History suggests you can't have a rally on Wall Street if you don't have strength in US banks, and last night Citigroup earnings beat expectations to drive its shares up over 5% and buoy the entire banking sector. In an indication of how far analyst forecasts have been marked down to provide upside surprises, Citi's profit fell 88% from September 2011. This figure did include write-downs of debt and the fire sale of a brokerage firm, so traders concentrated on the "clean" number, which outperformed.

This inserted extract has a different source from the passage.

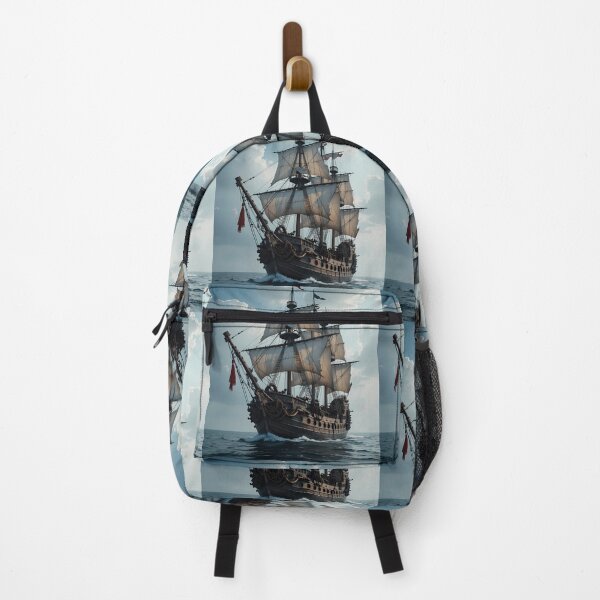 Item preview, Nautical Majestic Pirate Ships Maritime Art Ocean Journey designed and sold by ART ATTACK ZONE.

We've only had a handful of major results so far in the season, but already commentators are suggesting that perhaps net earnings growth for the S&P 500 won't be negative as feared, and if so, the result would represent a trough in the quarter. Such a view was supported last night by the September retail sales number, which showed 1.1% growth against expectations of 0.9%. It was back-to-school month, albeit the figures are seasonally adjusted, and commentators pointed to the successful launch of the iPhone5 in the period.
It's doom and gloom one minute and party time the next, with talk now of the Fed having to raise its cash rate well before the "at least to 2015" schedule as the US economy improves. JP Morgan's Jamie Dimon is convinced this will be the case, and last night's sales figures have sparked more similar discussion. Smiles turn to scowls fairly quickly, however, when Wall Street is reminded of the upcoming fiscal cliff. Yesterday, Austria's Felix Baumgartner demonstrated to Americans how they can be prepared for this event.
Some of the gloss came off with the release of this month's Empire State manufacturing index, which showed ongoing contraction on a result of minus 6.2. However, this is better than last month's minus 10.4, suggesting the pace of contraction is slowing.
And we have a long way to go in the earnings season, with this week and next particularly busy. Tonight alone sees results from Dow components Coca-Cola, Johnson & Johnson, Intel and IBM, along with leading investment bank Goldman Sachs. Earnings are one thing, but they are history. Ongoing guidance is key, but guidance is uncertain due to said cliff, and the election in general.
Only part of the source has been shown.